TRUE BRUMMIE MODERATOR
Staff member
My paternal grandfathers were gunmakers in the city from 1860 to 1900 ish and lived around Weaman st and Bagot street / Miles street /Ormond street/ Fleet Street (yes they did live in a lot of places haha ) but that is as far as I have got , their job titles from certificates of marriage and death etc are Gun Finisher / gun maker /metal roller , what id love to know is if there are any records of employment at any gunmaking workshops factories that may list their names . There were two George Field and one Joseph Field in my time line with joseph being the son of george and then joseph named his son george too. Id really appreciate any help possible please.
wish i could help ..as you know the gun trade was booming between the years you are interested in and there would have been many gun factories around...of course if you knew the names of where your rellies worked a trip to the library may prove useful to see if any company records still exist...i was lucky with my grandad..i knew he worked for chances glass in the 20s and dudley had the companies employment records with my grandads name written down...unless someone else can help i fear you could be looking for a needle in a haystack...all the best

lyn
 

Morturn

Super Moderator
I tend to agree with you Lyn. There were lots of small gun workshops. Lots of them did not make complete guns, they specialised in making key parts, lock, stock and barrel.

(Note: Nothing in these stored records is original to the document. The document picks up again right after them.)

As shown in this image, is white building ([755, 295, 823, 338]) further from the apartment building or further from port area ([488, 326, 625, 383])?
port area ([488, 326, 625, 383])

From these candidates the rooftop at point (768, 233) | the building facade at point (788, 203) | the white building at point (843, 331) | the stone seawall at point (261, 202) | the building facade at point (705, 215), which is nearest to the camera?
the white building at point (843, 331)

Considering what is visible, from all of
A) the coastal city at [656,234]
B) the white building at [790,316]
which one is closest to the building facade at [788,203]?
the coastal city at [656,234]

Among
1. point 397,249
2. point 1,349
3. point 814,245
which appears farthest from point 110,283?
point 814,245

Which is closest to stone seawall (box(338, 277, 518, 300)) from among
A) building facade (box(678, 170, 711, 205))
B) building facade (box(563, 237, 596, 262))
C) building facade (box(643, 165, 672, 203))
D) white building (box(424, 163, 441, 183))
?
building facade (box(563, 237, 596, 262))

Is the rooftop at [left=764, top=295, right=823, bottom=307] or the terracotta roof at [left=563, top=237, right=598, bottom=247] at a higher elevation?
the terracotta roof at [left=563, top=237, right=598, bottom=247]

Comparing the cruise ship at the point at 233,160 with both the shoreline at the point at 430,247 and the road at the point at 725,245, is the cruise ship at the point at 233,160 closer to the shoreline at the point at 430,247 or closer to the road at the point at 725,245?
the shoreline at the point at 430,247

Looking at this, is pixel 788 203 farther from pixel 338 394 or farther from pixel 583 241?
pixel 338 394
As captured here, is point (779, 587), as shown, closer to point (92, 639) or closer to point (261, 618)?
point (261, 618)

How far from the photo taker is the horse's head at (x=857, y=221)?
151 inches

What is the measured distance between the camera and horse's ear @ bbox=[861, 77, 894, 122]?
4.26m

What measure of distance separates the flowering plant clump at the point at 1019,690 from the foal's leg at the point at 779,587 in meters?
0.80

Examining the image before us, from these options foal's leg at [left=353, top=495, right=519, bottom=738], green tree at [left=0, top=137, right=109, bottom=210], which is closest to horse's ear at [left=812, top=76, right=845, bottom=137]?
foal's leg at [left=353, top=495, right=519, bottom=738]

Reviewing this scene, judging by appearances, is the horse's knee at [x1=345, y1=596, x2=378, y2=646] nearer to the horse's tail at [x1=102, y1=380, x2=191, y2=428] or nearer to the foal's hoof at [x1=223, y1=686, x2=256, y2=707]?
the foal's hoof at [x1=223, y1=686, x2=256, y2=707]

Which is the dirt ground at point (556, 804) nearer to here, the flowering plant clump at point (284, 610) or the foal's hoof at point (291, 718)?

I would imagine that a lot of these small workshops also changed hands or ownership. So may have been absorbed into bigger outfits.

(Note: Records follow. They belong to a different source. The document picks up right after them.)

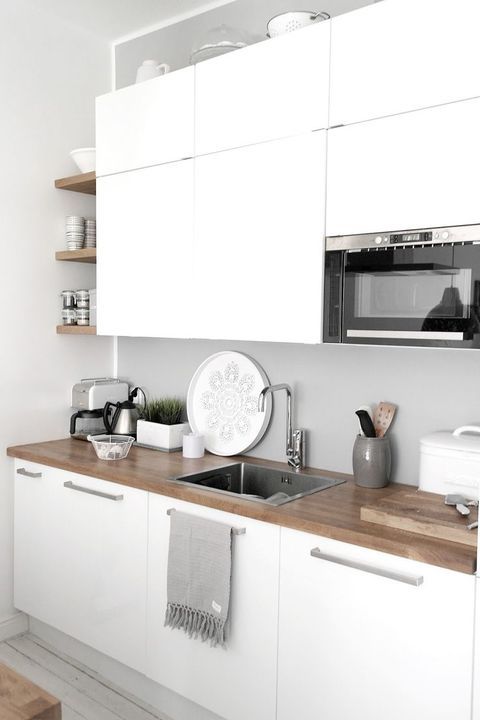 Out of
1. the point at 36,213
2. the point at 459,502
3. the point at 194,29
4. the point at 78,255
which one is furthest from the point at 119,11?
the point at 459,502

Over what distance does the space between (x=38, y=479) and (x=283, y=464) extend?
1.04 meters

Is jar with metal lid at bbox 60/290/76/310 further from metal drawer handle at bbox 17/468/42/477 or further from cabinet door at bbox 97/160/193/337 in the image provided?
metal drawer handle at bbox 17/468/42/477

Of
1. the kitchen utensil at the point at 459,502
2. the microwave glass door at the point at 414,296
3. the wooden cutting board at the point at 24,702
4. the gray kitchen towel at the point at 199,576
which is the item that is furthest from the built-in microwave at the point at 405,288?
the wooden cutting board at the point at 24,702

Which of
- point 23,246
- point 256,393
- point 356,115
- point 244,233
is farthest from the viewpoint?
point 23,246

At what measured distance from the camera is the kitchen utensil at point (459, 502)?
1887 millimetres

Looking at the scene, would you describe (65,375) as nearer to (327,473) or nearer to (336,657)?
(327,473)

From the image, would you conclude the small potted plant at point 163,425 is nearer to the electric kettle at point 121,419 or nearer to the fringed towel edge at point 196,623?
the electric kettle at point 121,419

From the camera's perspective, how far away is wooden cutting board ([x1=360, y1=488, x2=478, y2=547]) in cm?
176

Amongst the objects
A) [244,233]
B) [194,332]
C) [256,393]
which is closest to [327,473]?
[256,393]

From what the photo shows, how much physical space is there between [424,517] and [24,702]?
1.11 m

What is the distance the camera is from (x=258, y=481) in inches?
106

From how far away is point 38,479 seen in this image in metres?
2.87

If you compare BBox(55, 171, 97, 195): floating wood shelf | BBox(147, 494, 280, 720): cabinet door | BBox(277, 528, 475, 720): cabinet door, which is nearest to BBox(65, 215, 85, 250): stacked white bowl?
BBox(55, 171, 97, 195): floating wood shelf

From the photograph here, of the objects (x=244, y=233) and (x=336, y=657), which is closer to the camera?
(x=336, y=657) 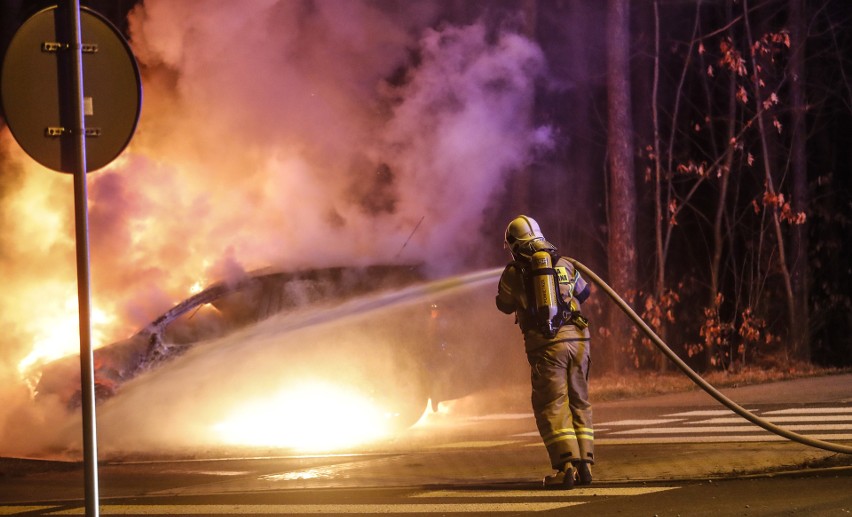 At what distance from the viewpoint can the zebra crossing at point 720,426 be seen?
10062 mm

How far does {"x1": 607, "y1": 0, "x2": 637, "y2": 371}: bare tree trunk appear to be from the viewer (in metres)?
17.8

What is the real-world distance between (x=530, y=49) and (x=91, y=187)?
6.71 meters

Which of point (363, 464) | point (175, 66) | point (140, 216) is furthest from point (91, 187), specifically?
point (363, 464)

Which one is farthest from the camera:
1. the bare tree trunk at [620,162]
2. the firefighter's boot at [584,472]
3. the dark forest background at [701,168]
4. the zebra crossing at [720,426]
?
the dark forest background at [701,168]

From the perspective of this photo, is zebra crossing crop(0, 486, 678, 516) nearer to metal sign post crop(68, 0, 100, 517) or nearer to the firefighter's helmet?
the firefighter's helmet

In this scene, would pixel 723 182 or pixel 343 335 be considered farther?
pixel 723 182

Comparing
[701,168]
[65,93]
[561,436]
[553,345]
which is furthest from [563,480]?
→ [701,168]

I am also wondering if these small workshops operated on casual labour, therefore record maybe thin on the ground.
 

sospiri

Ex-pat Brummie
Mort,

Not sure on the casual labour, but many of them were just self-emplyed single workers. Weaman Street was a hive of small workshops, all rented, and I have so pics somewhere - will see if I can dig them out. Several in my family worked in that way.

Maurice :cool:
 

Radiorails

master brummie
Generally called, in some areas, as cottage industries. Some very famous names are still on that basis, I understand, with a select few empowered to use the name. One such is the French Sabatier knives.
 

sospiri

Ex-pat Brummie
Janice,

I haven't yet been able to locate the pictures I was looking for, but they are similar to the bottom two pictures and description on this page of workshops at the back of St Mary's Row:-
http://mappingbirmingham.blogspot.com/2014/06/the-gun-quarter.html

And you are correct, each self-employed man just making hundreds of one part of the action, or just making gun stocks, as several of my LONGMOREs did. And not confined to Birmingham as I have several of them doing the same work in Darlaston in the 18th century. I rather doubt if they kept much in the way of paperwork, and time spent doing anything like that was time not making money!

Maurice :cool:
 

Richarddye

master brummie
Janice,

I haven't yet been able to locate the pictures I was looking for, but they are similar to the bottom two pictures and description on this page of workshops at the back of St Mary's Row:-
http://mappingbirmingham.blogspot.com/2014/06/the-gun-quarter.html

And you are correct, each self-employed man just making hundreds of one part of the action, or just making gun stocks, as several of my LONGMOREs did. And not confined to Birmingham as I have several of them doing the same work in Darlaston in the 18th century. I rather doubt if they kept much in the way of paperwork, and time spent doing anything like that was time not making money!

Maurice :cool:
I remember when I was about 10 going with my uncle who had a farm close to Water Orton to look at his shot gun being made down Steelhouse Lane. We went down an alley back at least two houses into a dimly lit building where craftsman were doing their work. I remember the men wearing leather aprons and my uncle saying that there were only a few places left (early fifties). And that the craftsmen would go from one gun make to another doing there work all as independent workers. It seemed that only a couple of years later that whole area was being taken down
 

Banjo

master brummie
I worked in the gun trade in 1960 as a part time "runner" taking various parts to various workshops and remember most of the people specializing in one form or other of gun making were self employed. The workshop I went to every day was run by a barrel maker by the name of Phil Turner. He only worked from 4pm to 7pm and his main job was in Bracebridge St.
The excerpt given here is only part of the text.